__Working data__:
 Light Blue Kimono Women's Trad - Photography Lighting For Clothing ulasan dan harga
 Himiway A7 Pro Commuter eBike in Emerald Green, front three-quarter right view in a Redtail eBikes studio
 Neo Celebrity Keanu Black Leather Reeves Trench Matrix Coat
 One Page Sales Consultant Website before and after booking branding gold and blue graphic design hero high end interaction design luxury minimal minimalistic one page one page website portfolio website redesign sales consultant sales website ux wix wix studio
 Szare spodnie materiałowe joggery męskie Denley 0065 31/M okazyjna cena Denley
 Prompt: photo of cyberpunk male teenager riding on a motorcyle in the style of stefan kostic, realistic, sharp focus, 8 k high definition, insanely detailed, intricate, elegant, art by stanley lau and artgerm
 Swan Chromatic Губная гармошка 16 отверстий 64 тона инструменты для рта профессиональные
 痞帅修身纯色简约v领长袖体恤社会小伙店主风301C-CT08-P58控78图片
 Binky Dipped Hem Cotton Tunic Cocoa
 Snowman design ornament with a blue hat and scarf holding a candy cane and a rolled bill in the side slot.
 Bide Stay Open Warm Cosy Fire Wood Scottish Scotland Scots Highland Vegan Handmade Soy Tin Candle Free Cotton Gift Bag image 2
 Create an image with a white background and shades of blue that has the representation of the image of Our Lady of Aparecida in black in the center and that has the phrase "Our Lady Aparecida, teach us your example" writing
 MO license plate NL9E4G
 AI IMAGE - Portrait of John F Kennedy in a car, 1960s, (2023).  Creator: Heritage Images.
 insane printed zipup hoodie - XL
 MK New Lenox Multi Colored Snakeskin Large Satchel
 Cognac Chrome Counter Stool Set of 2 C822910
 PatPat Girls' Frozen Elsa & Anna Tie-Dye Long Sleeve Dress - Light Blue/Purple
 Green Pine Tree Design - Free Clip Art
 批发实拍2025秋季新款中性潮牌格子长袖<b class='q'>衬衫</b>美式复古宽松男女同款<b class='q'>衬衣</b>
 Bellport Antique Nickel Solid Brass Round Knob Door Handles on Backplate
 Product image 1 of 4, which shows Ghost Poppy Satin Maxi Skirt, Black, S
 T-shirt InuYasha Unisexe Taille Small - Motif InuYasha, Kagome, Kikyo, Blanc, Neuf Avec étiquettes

__What the task requires__: A full, exact copy of the entries is the required answer.

__Solution to this task__:
 Light Blue Kimono Women's Trad - Photography Lighting For Clothing ulasan dan harga
 Himiway A7 Pro Commuter eBike in Emerald Green, front three-quarter right view in a Redtail eBikes studio
 Neo Celebrity Keanu Black Leather Reeves Trench Matrix Coat
 One Page Sales Consultant Website before and after booking branding gold and blue graphic design hero high end interaction design luxury minimal minimalistic one page one page website portfolio website redesign sales consultant sales website ux wix wix studio
 Szare spodnie materiałowe joggery męskie Denley 0065 31/M okazyjna cena Denley
 Prompt: photo of cyberpunk male teenager riding on a motorcyle in the style of stefan kostic, realistic, sharp focus, 8 k high definition, insanely detailed, intricate, elegant, art by stanley lau and artgerm
 Swan Chromatic Губная гармошка 16 отверстий 64 тона инструменты для рта профессиональные
 痞帅修身纯色简约v领长袖体恤社会小伙店主风301C-CT08-P58控78图片
 Binky Dipped Hem Cotton Tunic Cocoa
 Snowman design ornament with a blue hat and scarf holding a candy cane and a rolled bill in the side slot.
 Bide Stay Open Warm Cosy Fire Wood Scottish Scotland Scots Highland Vegan Handmade Soy Tin Candle Free Cotton Gift Bag image 2
 Create an image with a white background and shades of blue that has the representation of the image of Our Lady of Aparecida in black in the center and that has the phrase "Our Lady Aparecida, teach us your example" writing
 MO license plate NL9E4G
 AI IMAGE - Portrait of John F Kennedy in a car, 1960s, (2023).  Creator: Heritage Images.
 insane printed zipup hoodie - XL
 MK New Lenox Multi Colored Snakeskin Large Satchel
 Cognac Chrome Counter Stool Set of 2 C822910
 PatPat Girls' Frozen Elsa & Anna Tie-Dye Long Sleeve Dress - Light Blue/Purple
 Green Pine Tree Design - Free Clip Art
 批发实拍2025秋季新款中性潮牌格子长袖<b class='q'>衬衫</b>美式复古宽松男女同款<b class='q'>衬衣</b>
 Bellport Antique Nickel Solid Brass Round Knob Door Handles on Backplate
 Product image 1 of 4, which shows Ghost Poppy Satin Maxi Skirt, Black, S
 T-shirt InuYasha Unisexe Taille Small - Motif InuYasha, Kagome, Kikyo, Blanc, Neuf Avec étiquettes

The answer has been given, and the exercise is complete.